Until last month, New York state prohibited the release of police officers’ disciplinary records. Civilians’ complaints of abuse by officers were a secret. So were investigators’ conclusions. The public couldn’t even know if an officer was punished.
The New York City police officer whose use of a prohibited chokehold led to the death of Eric Garner in 2014 had a record of misconduct. Garner’s last words — “I can’t breathe” — became a rallying cry for the Black Lives Matter movement.
When the death of George Floyd and footage of his pleas for his life ignited worldwide protests, activists in New York renewed their push to repeal the statute that kept disciplinary records under wraps, known as 50-a. State lawmakers finally acted, voting to repeal the provision, which had been on the books for decades.
Soon after, ProPublica asked New York’s Civilian Complaint Review Board, or CCRB, for a list of officers, along with the complaints against them, and what discipline, if any, had been recommended.
Today, we are making this information public and, with it, providing an unprecedented picture of civilians’ complaints of abuse by NYPD officers as well as the limits of the current system that is supposed to hold officers accountable. We’ve published a database that lets you search the police complaints so you can see the information for yourself. Data experts can also download the data.
The database lists active-duty officers who’ve had at least one allegation against them substantiated by the CCRB: That’s about 4,000 officers out of the NYPD’s 36,000-member force.
Unions for city police officers, firefighters and corrections officers have sued New York City to stop the disclosure of most of these and other disciplinary records. The unions objected to the release of any cases other than “proven and final disciplinary matters.” That would exclude the vast majority of complaints against officers.
“We are defending privacy, integrity and the unsullied reputations of thousands of hard-working public safety employees,” a union spokesman said on the filing of the lawsuit.

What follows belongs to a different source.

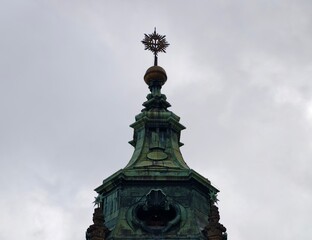 Ornate dome with decorative elements. Crowned cupola under cloudy sky with intricate copper carvings © Vladimir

On Wednesday, a federal judge issued a temporary restraining order, blocking the city, including the CCRB, from releasing disciplinary records. Judge Katherine Polk Failla also barred the New York Civil Liberties Union from disclosing data it had obtained. ProPublica has not been a party to the case and is not subject to the order by Failla, who has scheduled a hearing for next month.
In releasing the information included in our database, ProPublica is not publishing all complaints against officers. As we’ve noted, we’ve limited the data to only those officers who’ve had at least one substantiated allegation. And every complaint in the database was fully investigated by the CCRB, which means, among other steps, a civilian provided a sworn statement to investigators. We’ve also excluded any allegations that investigators concluded were unfounded, meaning investigators determined the incident did not happen as the complainant alleged. There were about 3,200 allegations listed as unfounded in the data we were provided, about 9% of the total.
We chose to include the basic information disclosed by the CCRB about allegations that investigators deemed unsubstantiated. Unsubstantiated means the CCRB — which has limited investigative powers — was not able to confirm that the alleged incident happened and that it violated the NYPD’s rules. Still, these records can help readers examine the records of officers who have been the subject of a pattern of complaints.
“We understand the arguments against releasing this data. But we believe the public good it could do outweighs the potential harm,” said Stephen Engelberg, ProPublica’s editor in chief. “The database gives the people of New York City a glimpse at how allegations involving police misconduct have been handled, and allows journalists and ordinary citizens alike to look more deeply at the records of particular officers.”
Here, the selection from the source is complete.